На одном из партийных собраний я беру слово и говорю, что страну ведут к катастрофе, что авторитет партии падает, что мы не имеем право быть в стороне, надо действовать. На мое наивное выступление первым реагирует директор, за ним главный инженер и далее по списку согласно табели о рангах. От исключения из партии меня спасло лишь то, что в этот раз рассматривали персональное дело вороватого кладовщика.

На школьном собрании вновь беру слово, и время иное и я другой. Все замолчали, что скажет новенький, пролетарий. А сказал по-простому, что негоже бросать партию и страну в такую минуту, что мы в ответе за происходящее и потому готов взять ячейку на себя. За самовыдвиженца проголосовали быстро, радостно, вроде как отодвигая трудное решение. Парторг, пряча глаза, передала амбарную книгу, баночку из-под чая со штампиком и какой то мелочью от партвзносов. Закрывая собрание предложил не торопиться с выходом, еще раз все обдумать и взвесить. А вот завтра и решить – выходить не выходить и что будем делать дальше.

Концовка лета у меня прошли в сепаратных переговорах. Я наивно полагал, что благодаря своему «красноречию» радикально изменю ситуацию. Однако результат оказался для меня плачевным, из всей первички нас осталось – четверо. Жизнь давно разметала нашу четверку. Лишь учительницу географии изредка встречаю на Старом базаре. Уже следующим летом, чтобы прокормиться и приодеть малолетнего сына, она пошла в торговлю, на сдельщину к хозяину двух палаток, торговать китайскими пуховиками. Да так и прикипела, бросила школу, осталась на базаре. До сих пор я встречаю ее за работой. Красное, обожженное солнцем и морозом лицо улыбается мне, мы поднимаем сжатый кулак – Но, пассаран!

А вот и развязка. Истерия нарастала, пропорционально росла потребность что-то делать. Под тяжестью событий, решил пойти в райком, посоветоваться со старшими товарищами.

Райком встретил меня распахнутыми дверьми, тишиной и пустыми кабинетами. Первый образ пришел на память сразу. Из старого военного фильма врезалась сцена, как перед приходом фашистов срочно эвакуируют учреждение, завхоз прибивает табличку – Райком закрыт, все ушли на фронт. И здесь так. На полу валялись бумаги, учетные карточки, тарелки, графины, флажки и ленты. В углу боком лежала большая ценность – печатная машинка. Я прошел по коридорам – никого. В кабинете первого секретаря, на столе стояла керосиновая лампа. Приходилось слышать, что в аппаратной среде была бережно хранимая традиция, берущая начало из далеких двадцатых.
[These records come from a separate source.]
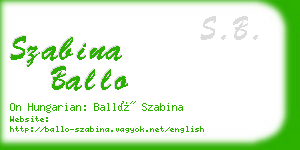 szabina ballo business card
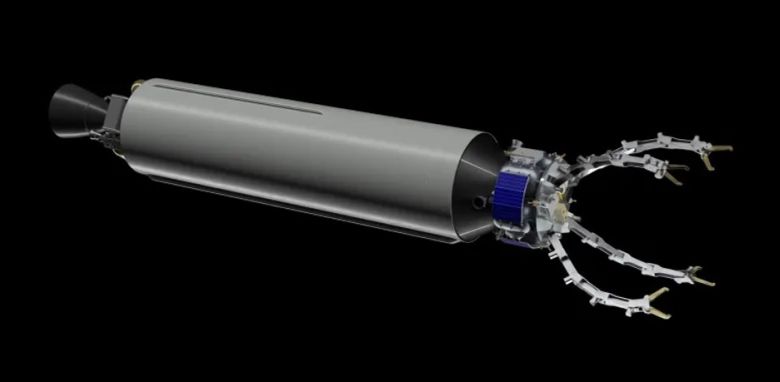 프랑스 기업 ‘다크’가 개발한 무인 우주선 개념도. 동체 앞에 달린 집게로 적 위성을 움켜잡은 뒤 지구로 낙하시킨다. 다크 제공
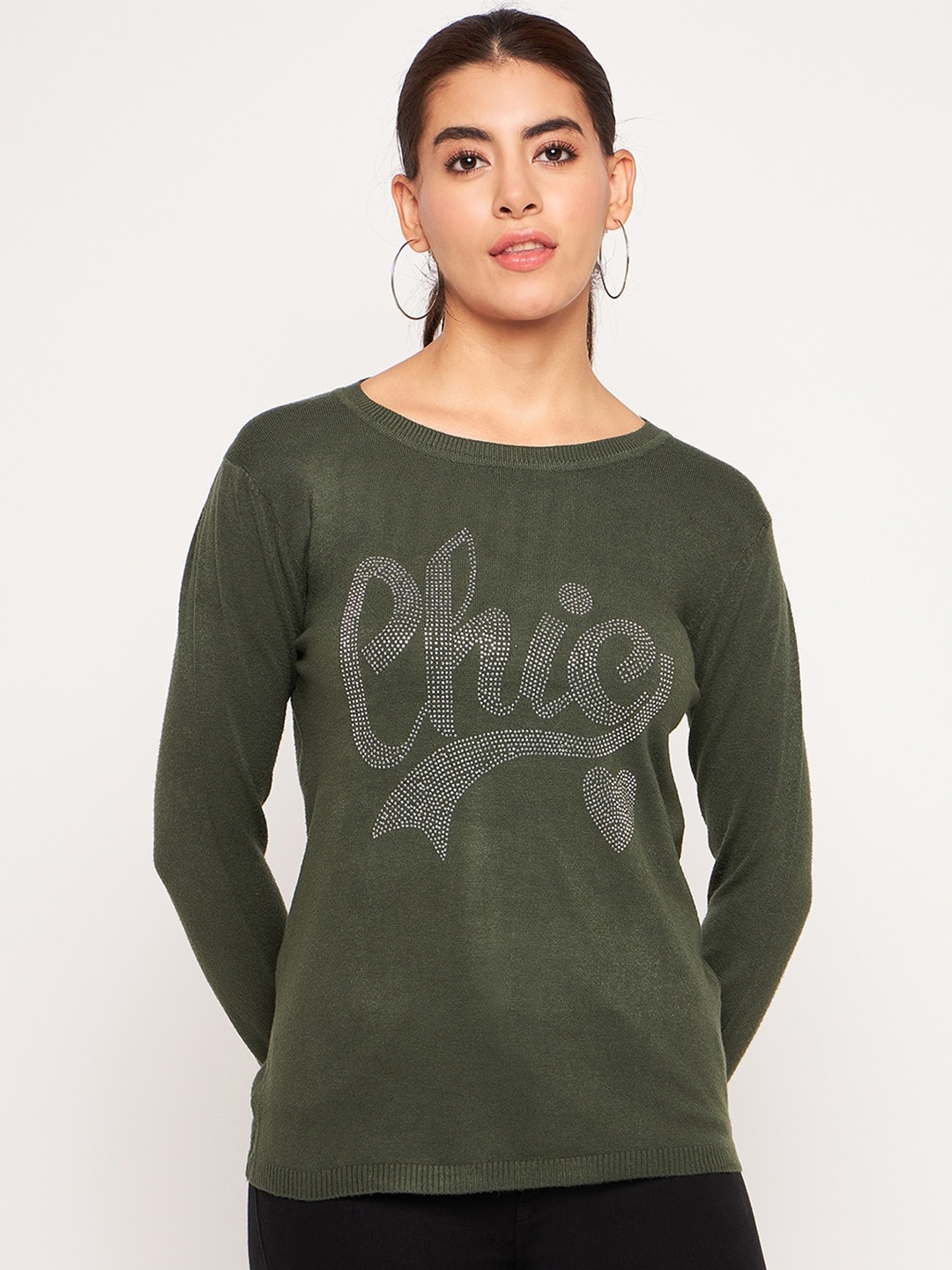 

Camey Typography Embellished Wool Pullover, Green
Для каждой конференции готовили специальный тревожный набор, на случай разнообразных ЧП. В него и входила керосиновая лампа – мол враги свет отключат, а лампа всегда заправлена. Не помогла лампа.

Потрясенный, я вышел на улицу, сел на крыльцо и долго сидел, размышляя над увиденным. Догорал август, играли дети, спешили прохожие и где-то дребезжал стеклами трамвай, а за спиной пустой райком. В висок стреляла мысль – они сбежали.